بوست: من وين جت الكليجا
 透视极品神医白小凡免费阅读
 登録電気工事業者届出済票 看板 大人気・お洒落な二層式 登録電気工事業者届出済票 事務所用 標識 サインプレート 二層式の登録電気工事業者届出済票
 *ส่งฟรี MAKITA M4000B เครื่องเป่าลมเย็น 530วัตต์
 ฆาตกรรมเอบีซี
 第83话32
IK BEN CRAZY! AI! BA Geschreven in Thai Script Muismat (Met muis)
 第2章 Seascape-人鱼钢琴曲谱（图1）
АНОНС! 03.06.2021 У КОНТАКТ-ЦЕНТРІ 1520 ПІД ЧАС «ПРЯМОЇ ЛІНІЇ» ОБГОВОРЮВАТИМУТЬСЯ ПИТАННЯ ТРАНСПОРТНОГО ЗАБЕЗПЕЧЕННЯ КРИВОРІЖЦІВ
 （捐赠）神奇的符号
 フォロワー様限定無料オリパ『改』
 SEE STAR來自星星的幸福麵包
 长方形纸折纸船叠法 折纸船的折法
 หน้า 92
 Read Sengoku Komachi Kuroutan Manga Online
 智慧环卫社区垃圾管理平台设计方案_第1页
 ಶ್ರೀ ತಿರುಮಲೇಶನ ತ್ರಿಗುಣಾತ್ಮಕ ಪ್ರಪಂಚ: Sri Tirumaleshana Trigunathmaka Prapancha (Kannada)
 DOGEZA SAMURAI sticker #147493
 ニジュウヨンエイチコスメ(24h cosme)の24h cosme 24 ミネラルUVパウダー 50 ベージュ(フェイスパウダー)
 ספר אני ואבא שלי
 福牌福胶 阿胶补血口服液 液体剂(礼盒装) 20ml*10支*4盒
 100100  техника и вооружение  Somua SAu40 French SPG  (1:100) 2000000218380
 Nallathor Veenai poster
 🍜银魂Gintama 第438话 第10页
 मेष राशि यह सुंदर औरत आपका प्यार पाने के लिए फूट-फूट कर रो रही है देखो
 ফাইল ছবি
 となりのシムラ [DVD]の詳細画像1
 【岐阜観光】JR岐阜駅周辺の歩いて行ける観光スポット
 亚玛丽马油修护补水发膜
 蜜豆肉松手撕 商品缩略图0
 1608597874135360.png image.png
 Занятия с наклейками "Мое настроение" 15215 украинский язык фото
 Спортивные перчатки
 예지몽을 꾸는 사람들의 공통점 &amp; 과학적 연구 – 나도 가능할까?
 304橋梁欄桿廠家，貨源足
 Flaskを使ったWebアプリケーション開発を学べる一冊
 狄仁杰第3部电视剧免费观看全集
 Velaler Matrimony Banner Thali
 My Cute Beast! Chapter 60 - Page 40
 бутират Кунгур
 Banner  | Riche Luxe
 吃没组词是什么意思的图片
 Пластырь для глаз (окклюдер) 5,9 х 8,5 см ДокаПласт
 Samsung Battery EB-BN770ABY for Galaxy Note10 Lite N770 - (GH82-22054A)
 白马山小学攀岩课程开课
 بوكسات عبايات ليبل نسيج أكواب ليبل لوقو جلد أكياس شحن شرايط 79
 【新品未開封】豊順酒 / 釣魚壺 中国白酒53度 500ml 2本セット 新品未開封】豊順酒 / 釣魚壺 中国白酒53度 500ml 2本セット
• • •
Repeat exactly the lines starting at the line with "ಶ್ರೀ ತಿರುಮಲೇಶನ ತ್ರಿಗುಣಾತ್ಮಕ" and ending with the final line of the entries. Include nothing else.

 ಶ್ರೀ ತಿರುಮಲೇಶನ ತ್ರಿಗುಣಾತ್ಮಕ ಪ್ರಪಂಚ: Sri Tirumaleshana Trigunathmaka Prapancha (Kannada)
 DOGEZA SAMURAI sticker #147493
 ニジュウヨンエイチコスメ(24h cosme)の24h cosme 24 ミネラルUVパウダー 50 ベージュ(フェイスパウダー)
 ספר אני ואבא שלי
 福牌福胶 阿胶补血口服液 液体剂(礼盒装) 20ml*10支*4盒
 100100  техника и вооружение  Somua SAu40 French SPG  (1:100) 2000000218380
 Nallathor Veenai poster
 🍜银魂Gintama 第438话 第10页
 मेष राशि यह सुंदर औरत आपका प्यार पाने के लिए फूट-फूट कर रो रही है देखो
 ফাইল ছবি
 となりのシムラ [DVD]の詳細画像1
 【岐阜観光】JR岐阜駅周辺の歩いて行ける観光スポット
 亚玛丽马油修护补水发膜
 蜜豆肉松手撕 商品缩略图0
 1608597874135360.png image.png
 Занятия с наклейками "Мое настроение" 15215 украинский язык фото
 Спортивные перчатки
 예지몽을 꾸는 사람들의 공통점 &amp; 과학적 연구 – 나도 가능할까?
 304橋梁欄桿廠家，貨源足
 Flaskを使ったWebアプリケーション開発を学べる一冊
 狄仁杰第3部电视剧免费观看全集
 Velaler Matrimony Banner Thali
 My Cute Beast! Chapter 60 - Page 40
 бутират Кунгур
 Banner  | Riche Luxe
 吃没组词是什么意思的图片
 Пластырь для глаз (окклюдер) 5,9 х 8,5 см ДокаПласт
 Samsung Battery EB-BN770ABY for Galaxy Note10 Lite N770 - (GH82-22054A)
 白马山小学攀岩课程开课
 بوكسات عبايات ليبل نسيج أكواب ليبل لوقو جلد أكياس شحن شرايط 79
 【新品未開封】豊順酒 / 釣魚壺 中国白酒53度 500ml 2本セット 新品未開封】豊順酒 / 釣魚壺 中国白酒53度 500ml 2本セット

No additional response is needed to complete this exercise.